The author thanks Aishwary Kumar and an anonymous referee of EPW for their encouraging remarks and precise suggestions.
The intellectual discourse in India has since long been sitting comfortably in its deliberate blindness towards certain proper names of suffering. The proper name of caste struggled to find place in the world of social science theory as upper-caste academicians did not care or pay attention to it. Both liberals and Marxists in India have been reluctant to expand the terminologies of their discourse to include caste as a political category deserving theoretical investigation. Caste was of course mentioned, but never in terms of a political hierarchy that thwarted social change. And Untouchability was addressed not in its radical (meaning, radically exploitative) specificity but as a feature within the caste problem. The left and liberal discourse that supported reservations did so through the Western narrative of positive discrimination, or affirmative action.

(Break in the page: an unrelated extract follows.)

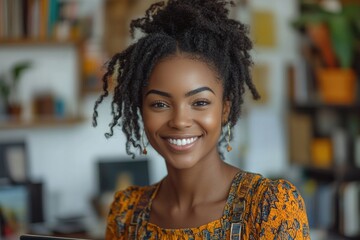 Poster - A smiling woman holds a laptop computer in her hands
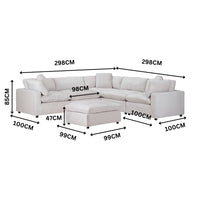 Cloud 4 Seater Modular Corner Sofa Lounge with Ottoman Beige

It was welcomed within the narrative of special, legitimate rights. But this did not simultaneously translate into a political discourse of caste erasure, of challenging the ideological edifice of the caste system.
The grounds were laid by a host of Indian political and social thinkers. In The Discovery of India (1964), Jawaharlal Nehru (1985: 85) speculated on the “fluid condition” of caste in its earlier stages, and “rigidity” coming in only later. According to Nehru (1985: 216), the institution of caste, “with all its evils … was infinitely better than slavery.” Unlike slave-labour in Greece, Nehru found “a measure of freedom” in the fixed occupational system of caste. This led, according to Nehru (1985: 216) “to a high degree of specialisation and skill in handicrafts and craftsmanship.”